Making sure the state pays its fair share of public education costs

Responding to JLARC's study on school funding

Great public schools are the foundation of great communities. And with adequate education funding, every public school can provide a high-quality education that gives students the tools they need to succeed regardless of their background or their zip code. Even a 10% increase in public education funding can lead to increased income earnings and a decreased risk of poverty for students later in life.

Virginia’s nonpartisan research agency (JLARC) released a major report in 2023 that has provided a blueprint for how policymakers can improve the school funding formula to make sure the state pays its fair share and every student gets the support they need to reach their full potential and thrive. Through the hard work of students, teachers, parents, legislative champions, and other advocates for the last two years, Virginia’s legislature has made some of the improvements recommended by JLARC.

These include:

  • Lift the Support Cap, a Great Recession-era policy that arbitrarily limited the state funding for school support staff (part of Recommendation 4)
  • Improving funding to remove barriers for students in low-income communities through improving the “at-risk add-on,” including boosting the funding amount and modernizing the data source (Recommendations 9 and 10)
  • Creating a per-pupil add-on for students with disabilities and boosting funding for English language learners (modified implementation of Policy Option 5)

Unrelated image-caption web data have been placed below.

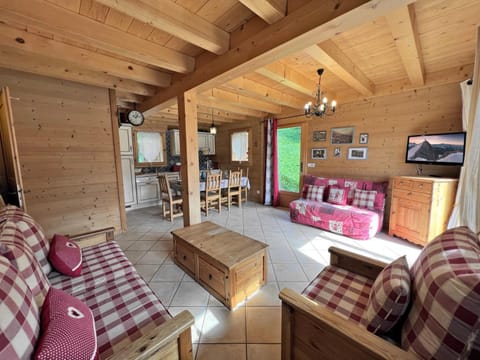 Communal lounge/ TV room, Bed, TV and multimedia, Kitchen or kitchenette, Living room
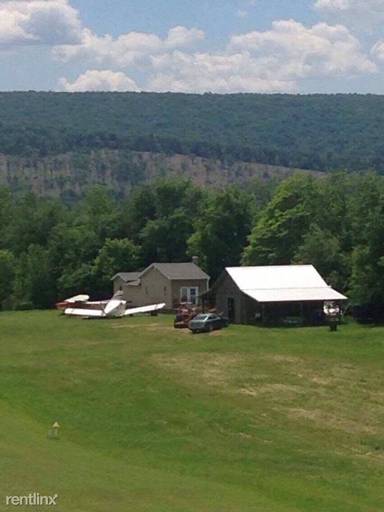 Main picture of 85 Airport Rd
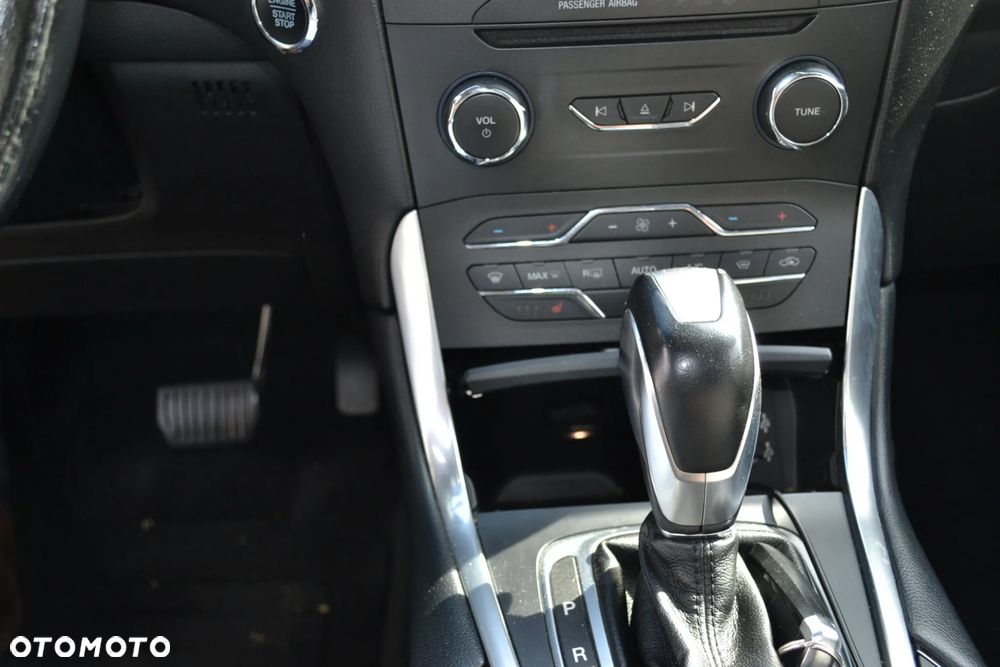 Ford Edge 2.0 TDCi Bi-Turbo 4x4 Titanium - 18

Those are important improvements, but they’re only a part of JLARC’s recommended roadmap for making sure the state pays its fair share to provide educational opportunity for every student. Over the coming year, we can build on our progress through continuing to implement JLARC’s recommendations while community members and legislators also consider the more sweeping policy options for our public schools. (You can learn more about the Joint Subcommittee studying the JLARC recommendations and policy options and how you can engage here.)

Here’s what’s left to do on the major funding recommendations:

Recommendation 1 (near-term): Make technical improvements to the Standards of Quality (SOQ) formula and compensation supplement calculations to stop leaving out division central office positions, facility and transportation staff, and certain other costs from various calculations.

Recommendation 3 (long-term): Establish SOQ staffing ratios that accurately reflect how divisions are staffed. These should be developed by the VDOE in consultation with school divisions and the Board of Education.  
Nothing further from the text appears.